(Reuters) – Anthony Scaramucci’s firm SkyBridge Capital is the latest traditional fund manager to launch a bitcoin-focused fund after a surge of interest in cryptocurrencies in 2020. Scaramucci, who previously served a short stint as U.S. President Donald Trump’s communications director, joins Paul Tudor Jones here and Britain’s Ruffer Investment Management in embracing the nascent asset.
Despite the increasing institutional acceptance of bitcoin, it remains highly volatile, subject to patchy regulation and seen by most major investors as highly risky.
SkyBridge, a fund of hedge funds, on Monday announced it had started the Skybridge Bitcoin Fund with $310 million in assets under management invested from its $3 billion flagship fund.
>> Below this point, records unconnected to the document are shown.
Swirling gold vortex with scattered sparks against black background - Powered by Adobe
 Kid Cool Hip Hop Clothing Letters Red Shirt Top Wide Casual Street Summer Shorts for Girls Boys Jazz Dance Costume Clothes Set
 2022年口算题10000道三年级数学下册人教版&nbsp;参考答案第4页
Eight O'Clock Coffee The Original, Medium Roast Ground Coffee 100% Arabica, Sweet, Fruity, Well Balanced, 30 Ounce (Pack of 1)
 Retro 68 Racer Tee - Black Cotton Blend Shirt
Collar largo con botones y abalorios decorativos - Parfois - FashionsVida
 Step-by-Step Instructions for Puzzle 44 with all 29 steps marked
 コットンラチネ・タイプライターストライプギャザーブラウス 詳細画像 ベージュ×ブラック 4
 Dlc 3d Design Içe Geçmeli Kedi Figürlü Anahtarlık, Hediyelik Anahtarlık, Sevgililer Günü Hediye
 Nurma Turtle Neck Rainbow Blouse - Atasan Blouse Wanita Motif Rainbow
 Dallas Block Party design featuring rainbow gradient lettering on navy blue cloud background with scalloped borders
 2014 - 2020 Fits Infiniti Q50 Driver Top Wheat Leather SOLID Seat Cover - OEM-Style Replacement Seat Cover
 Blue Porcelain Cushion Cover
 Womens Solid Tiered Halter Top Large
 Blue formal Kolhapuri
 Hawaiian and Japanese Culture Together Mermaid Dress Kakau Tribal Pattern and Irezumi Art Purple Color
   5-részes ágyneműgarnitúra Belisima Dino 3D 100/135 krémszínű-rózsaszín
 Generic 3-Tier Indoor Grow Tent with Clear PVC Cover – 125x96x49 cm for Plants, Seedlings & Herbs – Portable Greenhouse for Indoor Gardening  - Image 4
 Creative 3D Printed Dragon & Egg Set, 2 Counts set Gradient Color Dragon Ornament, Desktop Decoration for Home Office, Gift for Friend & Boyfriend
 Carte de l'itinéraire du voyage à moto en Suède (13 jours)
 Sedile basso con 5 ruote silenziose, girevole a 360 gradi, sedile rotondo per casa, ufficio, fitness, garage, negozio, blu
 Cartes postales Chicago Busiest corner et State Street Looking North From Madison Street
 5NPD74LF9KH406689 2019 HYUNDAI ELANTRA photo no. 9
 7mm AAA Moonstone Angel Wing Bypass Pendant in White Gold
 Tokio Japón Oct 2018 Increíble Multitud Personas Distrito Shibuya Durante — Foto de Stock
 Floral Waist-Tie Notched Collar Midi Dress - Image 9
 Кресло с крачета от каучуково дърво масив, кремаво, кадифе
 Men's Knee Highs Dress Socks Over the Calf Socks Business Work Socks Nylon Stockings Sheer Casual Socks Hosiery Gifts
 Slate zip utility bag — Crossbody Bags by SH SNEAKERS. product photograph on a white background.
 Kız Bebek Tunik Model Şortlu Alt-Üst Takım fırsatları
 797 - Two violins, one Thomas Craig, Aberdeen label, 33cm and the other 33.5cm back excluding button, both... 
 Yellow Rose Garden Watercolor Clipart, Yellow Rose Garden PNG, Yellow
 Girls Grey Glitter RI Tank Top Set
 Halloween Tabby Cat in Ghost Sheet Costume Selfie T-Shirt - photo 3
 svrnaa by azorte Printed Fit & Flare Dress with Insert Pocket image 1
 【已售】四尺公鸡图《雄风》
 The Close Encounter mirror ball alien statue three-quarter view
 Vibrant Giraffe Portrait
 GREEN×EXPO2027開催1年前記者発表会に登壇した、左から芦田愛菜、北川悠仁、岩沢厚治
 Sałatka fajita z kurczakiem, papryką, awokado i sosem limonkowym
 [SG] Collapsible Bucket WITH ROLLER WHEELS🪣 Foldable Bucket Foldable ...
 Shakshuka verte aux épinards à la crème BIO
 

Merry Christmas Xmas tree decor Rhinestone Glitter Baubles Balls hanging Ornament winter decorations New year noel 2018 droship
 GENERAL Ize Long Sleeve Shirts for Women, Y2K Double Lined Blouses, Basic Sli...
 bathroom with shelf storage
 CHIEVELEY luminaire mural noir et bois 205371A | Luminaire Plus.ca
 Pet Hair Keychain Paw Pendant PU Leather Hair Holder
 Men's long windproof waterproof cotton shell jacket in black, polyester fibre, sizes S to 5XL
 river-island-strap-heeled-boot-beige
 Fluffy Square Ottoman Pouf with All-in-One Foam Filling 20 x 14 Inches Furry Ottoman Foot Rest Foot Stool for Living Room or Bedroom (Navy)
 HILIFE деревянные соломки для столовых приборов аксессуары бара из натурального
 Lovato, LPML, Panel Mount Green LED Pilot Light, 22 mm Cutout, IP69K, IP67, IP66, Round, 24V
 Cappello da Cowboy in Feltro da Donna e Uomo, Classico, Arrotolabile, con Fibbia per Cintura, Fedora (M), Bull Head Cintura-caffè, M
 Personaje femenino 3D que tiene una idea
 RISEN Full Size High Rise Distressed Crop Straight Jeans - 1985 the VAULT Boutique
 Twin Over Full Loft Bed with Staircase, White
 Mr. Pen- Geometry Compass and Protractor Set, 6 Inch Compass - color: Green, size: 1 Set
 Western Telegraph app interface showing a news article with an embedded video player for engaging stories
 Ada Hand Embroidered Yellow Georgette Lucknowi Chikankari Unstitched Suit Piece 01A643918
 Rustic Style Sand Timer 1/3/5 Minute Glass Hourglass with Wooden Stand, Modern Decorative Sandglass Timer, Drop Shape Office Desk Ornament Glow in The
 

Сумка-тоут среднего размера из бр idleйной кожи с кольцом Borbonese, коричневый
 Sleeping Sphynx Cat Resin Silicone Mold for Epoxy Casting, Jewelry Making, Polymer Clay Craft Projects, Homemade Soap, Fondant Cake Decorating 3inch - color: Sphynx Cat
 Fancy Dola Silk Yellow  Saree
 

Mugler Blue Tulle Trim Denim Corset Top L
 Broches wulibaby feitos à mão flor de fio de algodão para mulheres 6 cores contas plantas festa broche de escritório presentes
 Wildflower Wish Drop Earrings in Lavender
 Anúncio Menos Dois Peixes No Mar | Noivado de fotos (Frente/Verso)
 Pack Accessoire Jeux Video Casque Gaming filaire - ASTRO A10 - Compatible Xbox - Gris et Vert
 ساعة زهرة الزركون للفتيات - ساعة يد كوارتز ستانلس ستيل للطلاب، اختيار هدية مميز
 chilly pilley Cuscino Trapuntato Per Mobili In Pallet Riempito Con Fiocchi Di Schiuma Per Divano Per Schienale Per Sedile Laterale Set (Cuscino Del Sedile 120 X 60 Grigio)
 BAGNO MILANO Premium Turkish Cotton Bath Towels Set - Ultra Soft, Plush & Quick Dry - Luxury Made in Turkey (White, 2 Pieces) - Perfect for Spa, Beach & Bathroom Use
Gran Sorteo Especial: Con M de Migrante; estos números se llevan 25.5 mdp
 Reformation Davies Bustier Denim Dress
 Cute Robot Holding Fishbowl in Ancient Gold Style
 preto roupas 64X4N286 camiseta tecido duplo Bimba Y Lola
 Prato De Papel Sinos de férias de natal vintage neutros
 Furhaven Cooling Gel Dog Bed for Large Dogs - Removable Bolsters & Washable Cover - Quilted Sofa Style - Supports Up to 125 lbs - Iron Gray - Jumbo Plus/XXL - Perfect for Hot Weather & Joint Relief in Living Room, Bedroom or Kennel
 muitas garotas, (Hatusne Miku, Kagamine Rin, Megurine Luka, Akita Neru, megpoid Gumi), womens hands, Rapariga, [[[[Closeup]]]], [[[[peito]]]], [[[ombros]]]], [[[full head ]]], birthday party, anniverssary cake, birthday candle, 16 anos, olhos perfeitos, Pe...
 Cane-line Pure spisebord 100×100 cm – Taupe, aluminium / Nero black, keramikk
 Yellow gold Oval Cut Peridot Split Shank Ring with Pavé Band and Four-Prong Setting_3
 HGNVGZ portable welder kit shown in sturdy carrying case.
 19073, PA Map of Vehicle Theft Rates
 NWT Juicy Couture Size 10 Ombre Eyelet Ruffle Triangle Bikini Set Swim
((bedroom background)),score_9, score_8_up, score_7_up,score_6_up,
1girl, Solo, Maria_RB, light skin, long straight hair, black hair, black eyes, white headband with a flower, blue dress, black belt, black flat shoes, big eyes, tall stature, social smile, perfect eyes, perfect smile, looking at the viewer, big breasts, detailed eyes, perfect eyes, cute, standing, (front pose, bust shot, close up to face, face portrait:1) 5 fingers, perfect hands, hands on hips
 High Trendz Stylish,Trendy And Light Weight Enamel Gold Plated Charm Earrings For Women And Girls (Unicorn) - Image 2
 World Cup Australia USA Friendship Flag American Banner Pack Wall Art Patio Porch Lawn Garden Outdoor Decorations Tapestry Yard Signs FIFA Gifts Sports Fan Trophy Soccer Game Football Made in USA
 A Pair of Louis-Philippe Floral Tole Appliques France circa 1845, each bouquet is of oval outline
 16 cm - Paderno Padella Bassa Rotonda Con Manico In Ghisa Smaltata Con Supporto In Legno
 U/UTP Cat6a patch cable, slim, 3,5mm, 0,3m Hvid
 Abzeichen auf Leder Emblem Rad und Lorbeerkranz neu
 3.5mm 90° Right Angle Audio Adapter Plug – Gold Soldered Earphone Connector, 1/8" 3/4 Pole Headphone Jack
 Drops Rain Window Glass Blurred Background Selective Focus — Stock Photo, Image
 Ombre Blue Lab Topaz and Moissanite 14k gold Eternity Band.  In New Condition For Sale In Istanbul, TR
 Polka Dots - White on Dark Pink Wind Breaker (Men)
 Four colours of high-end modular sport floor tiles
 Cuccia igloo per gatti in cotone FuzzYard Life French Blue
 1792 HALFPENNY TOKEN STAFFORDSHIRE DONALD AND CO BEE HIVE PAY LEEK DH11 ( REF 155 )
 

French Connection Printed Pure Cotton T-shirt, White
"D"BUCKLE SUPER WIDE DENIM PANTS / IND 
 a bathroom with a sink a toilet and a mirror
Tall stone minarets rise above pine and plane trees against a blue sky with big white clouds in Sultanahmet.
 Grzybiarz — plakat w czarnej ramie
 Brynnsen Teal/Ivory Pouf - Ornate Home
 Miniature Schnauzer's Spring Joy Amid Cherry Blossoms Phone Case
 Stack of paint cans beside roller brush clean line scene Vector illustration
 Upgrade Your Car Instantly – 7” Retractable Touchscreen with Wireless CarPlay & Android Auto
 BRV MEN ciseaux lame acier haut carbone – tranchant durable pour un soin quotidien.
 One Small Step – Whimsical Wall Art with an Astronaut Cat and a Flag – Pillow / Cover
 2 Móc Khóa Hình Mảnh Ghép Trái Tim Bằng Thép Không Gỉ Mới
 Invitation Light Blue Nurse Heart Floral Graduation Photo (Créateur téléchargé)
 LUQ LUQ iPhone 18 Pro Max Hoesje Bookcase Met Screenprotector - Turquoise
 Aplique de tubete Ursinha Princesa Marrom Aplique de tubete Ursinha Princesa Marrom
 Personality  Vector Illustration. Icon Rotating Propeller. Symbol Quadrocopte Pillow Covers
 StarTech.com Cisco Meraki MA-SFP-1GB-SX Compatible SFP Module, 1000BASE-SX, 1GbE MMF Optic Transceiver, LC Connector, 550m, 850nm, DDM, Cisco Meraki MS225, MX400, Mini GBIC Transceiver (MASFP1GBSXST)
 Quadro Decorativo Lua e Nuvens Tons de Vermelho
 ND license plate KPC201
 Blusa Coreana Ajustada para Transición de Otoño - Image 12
“Imagine every model portfolio where gold has become an accepted asset class, every model portfolio has a 1% exposure to bitcoin and you can see the magnitude of where bitcoin could be,” SkyBridge founder and managing partner Scaramucci told Reuters.
Skybridge’s crypto move comes amid a rally in the price of bitcoin and other digital currencies. Bitcoin almost quadrupled in 2020 and ended the year on a high.
Bitcoin continued its record-smashing rally piercing $30,000 for the first time on Saturday, and surging above $34,000 on Sunday.
Cryptocurrency-focused hedge funds made gains of 52% in November, bringing year-to-date returns to 156%, according to industry tracker Hedge Fund Research (HFR).
“After posting strong gains through the tumultuous 2020, investors are actively increasing exposure to hedge funds, including cryptocurrency strategies,” said Kenneth Heinz, President of HFR, in a release on Wednesday. However, data from eVestment shows searches for cryptocurrency hedge funds on their database made up just 0.14% of all hedge fund searches in 2020.
Earlier this year, SkyBridge investors asked for $1.7 billion back after its main fund suffered a 23% loss in March when investments made by its debt-focused hedge fund managers soured.
Scaramucci told Reuters the fund had since recovered some of its losses and was down 7.5% through the year and it raised another $300 million.